But it also means that once those savings are realized, Detroit's labor costs are likely to be on par with those of Asian automakers producing cars with nonunion labor in the U.S., such as Toyota Motor Corp.

Even if the UAW agreed to more cuts, the savings to the Detroit Three might be surprisingly small.

Only a few years ago, GM's UAW payroll was well over 100,000. Today it's barely 55,000. As a result, even an across-the-board 20% pay cut "would result in a savings of only $1.1 billion per year," said Michigan State University professor Richard Block, a specialist in labor relations. "That's enough to keep them going for what, two weeks?"

Plans to ensure long-term viability

Last month, saying Detroit's Big Three had failed to make their case, House Speaker Nancy Pelosi (D-San Francisco) and Senate Majority Leader Harry Reid (D-Nev.) told the companies they would have to explain their plans for using federal money to ensure long-term viability.

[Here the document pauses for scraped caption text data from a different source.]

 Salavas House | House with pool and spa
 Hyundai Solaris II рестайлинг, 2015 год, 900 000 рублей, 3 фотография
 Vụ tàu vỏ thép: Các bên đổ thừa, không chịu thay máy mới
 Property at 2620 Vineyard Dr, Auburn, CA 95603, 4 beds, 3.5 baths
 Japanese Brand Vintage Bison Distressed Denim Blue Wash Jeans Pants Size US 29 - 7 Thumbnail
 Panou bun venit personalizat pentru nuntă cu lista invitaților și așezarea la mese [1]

"Members of Congress definitely proved their point last time that the money wasn't going to come easy," said Clint Currie, a Washington-based transportation analyst at Stanford Group Co. "We'll see if they've paid their pound of flesh."

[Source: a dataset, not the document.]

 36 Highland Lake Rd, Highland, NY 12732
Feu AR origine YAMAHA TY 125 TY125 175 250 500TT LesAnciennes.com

GM and Chrysler have both expressed concern that they could run out of cash by early next year, whereas Ford has insisted that it does not necessarily need government aid and would take it only if there weren't too many strings attached.

Ford's sales are off by nearly as much as GM's this year, but its cash position is stronger thanks to $23 billion the company borrowed in late 2006, and the fact that Ford still has an untapped credit line worth more than $10 billion.

GM, on the other hand, has been unable to borrow cash and exhausted its last line of credit this summer.